### SOURCE INFORMATION
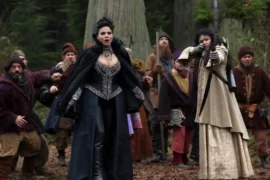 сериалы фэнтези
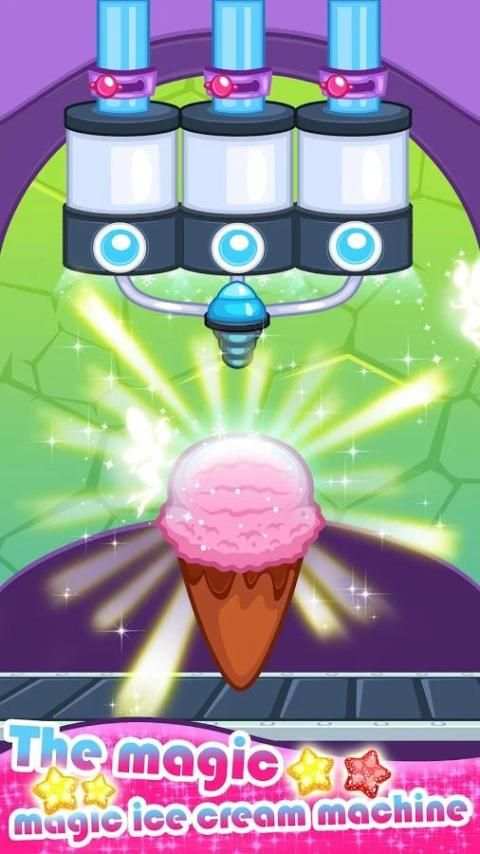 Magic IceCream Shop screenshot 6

==

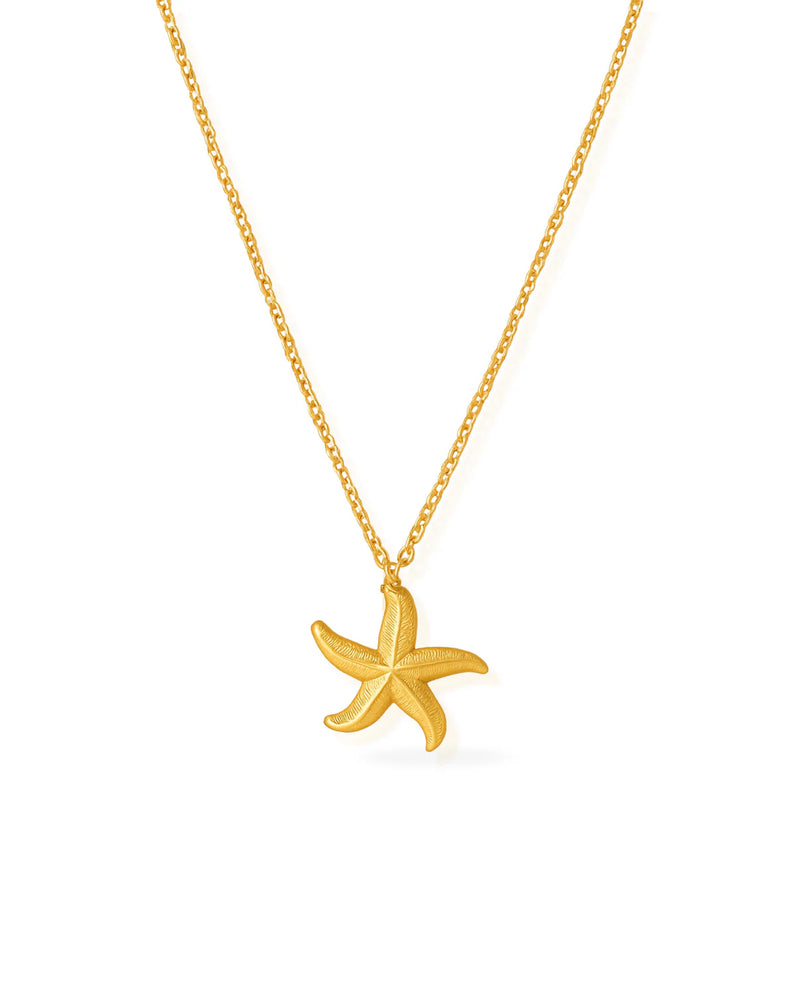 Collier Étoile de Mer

### WHAT THIS TASK INVOLVES
Your answer must be everything above from the line with "сериалы фэнтези" down to the line with "Magic IceCream Shop screenshot 6", word for word, and no pictures.

### RESPONSE TO THIS EXERCISE
 сериалы фэнтези
 Magic IceCream Shop screenshot 6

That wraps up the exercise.